Greenup, Kentucky; United States;
- Broadcast area: Huntington, West Virginia; Ashland, Kentucky;
- Frequency: 1520 kHz

Ownership
- Owner: Greenup County Broadcasting, Inc.
- Sister stations: WLGC-FM

History
- First air date: May 30, 1984
- Last air date: February 1, 2017
- Former call signs: WLGC (1984–1989); WTCV (1989–1993);
- Call sign meaning: We Love Greenup County

Technical information
- Facility ID: 25223
- Class: D
- Power: 5,000 watts (days only); 280 watts (critical hours);
- Transmitter coordinates: 38°35′44″N 82°51′20″W﻿ / ﻿38.59556°N 82.85556°W

= WLGC (AM) =

WLGC (1520 AM) was a radio station licensed to Greenup, Kentucky, United States, while their studios were located in Ashland, Kentucky. The station's transmitter, like WLGC-FM, was in Greenup. The station was owned by Greenup County Broadcasting, Inc.

==History==
The station went on the air as WLGC on May 30, 1984. On July 17, 1989, the station changed its call sign to WTCV. However, they returned to the WLGC callsign on April 26, 1993.

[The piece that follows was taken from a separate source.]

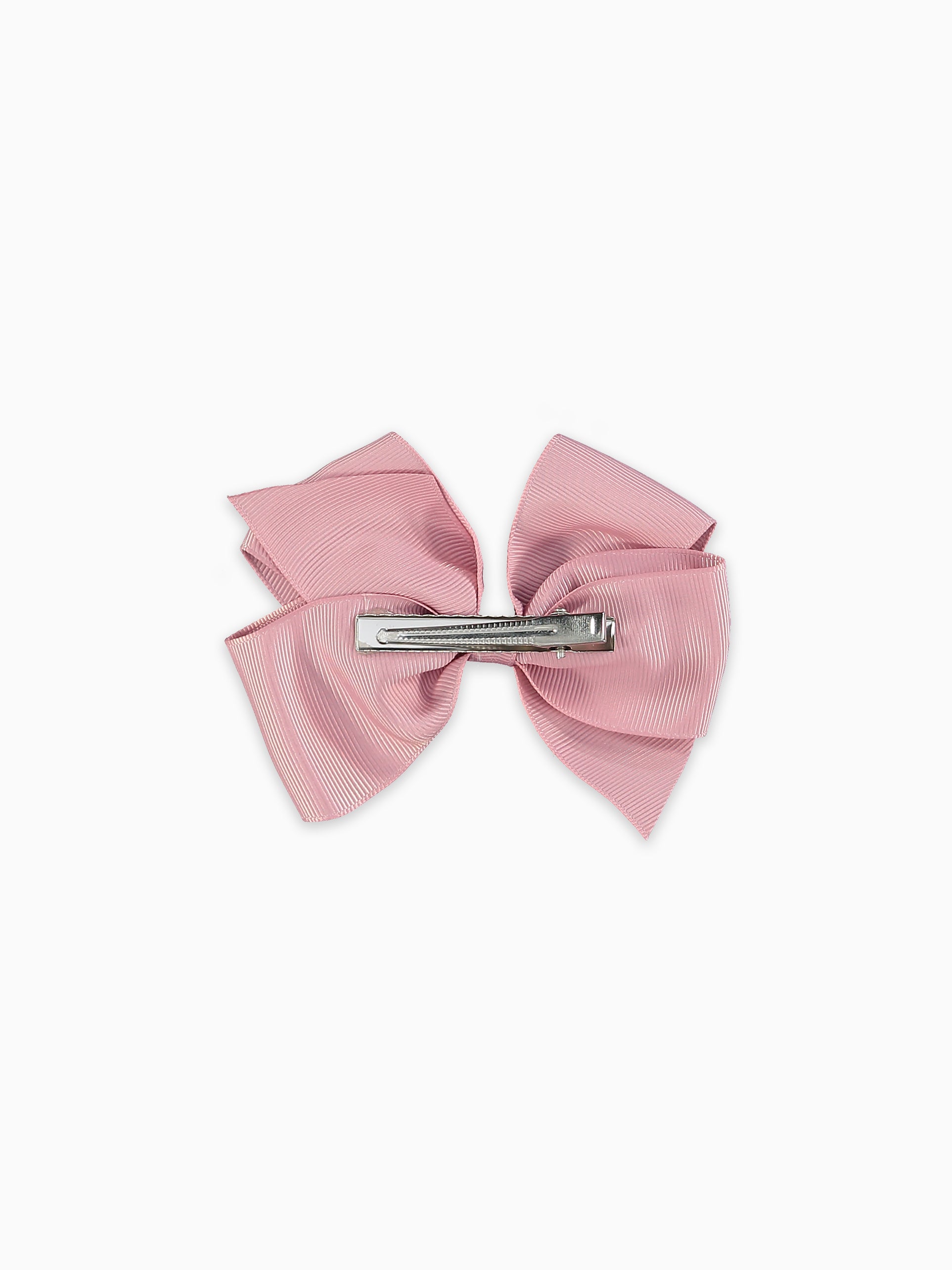 Dusty Pink Big Bow Girl Clip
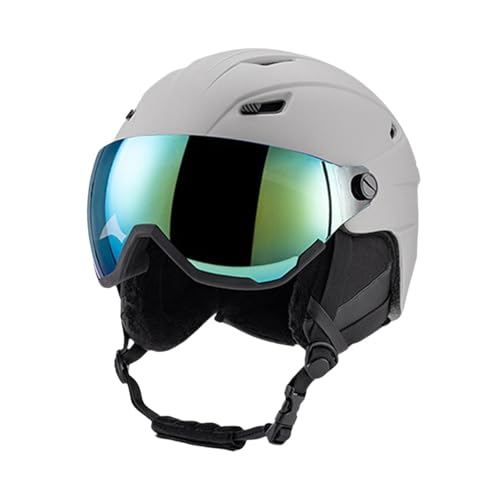 kowaku Gear for Skiing and Skateboarding with Ear Covers and Glasses, Gray 51 to 54cm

On January 13, 2014, concurrent with WLGC-FM's rebranding as "Kool Hits 105.7", WLGC became an All-news radio format and was rebranded as "Kool Hits 105.7 NewsChannel". In addition to local news, the station also features news broadcasts from the Associated Press Radio Network and the Kentucky News Network.

At the request of licensee Greenup County Broadcasting, the Federal Communications Commission cancelled WLGC's over the air broadcasting license on February 1, 2017.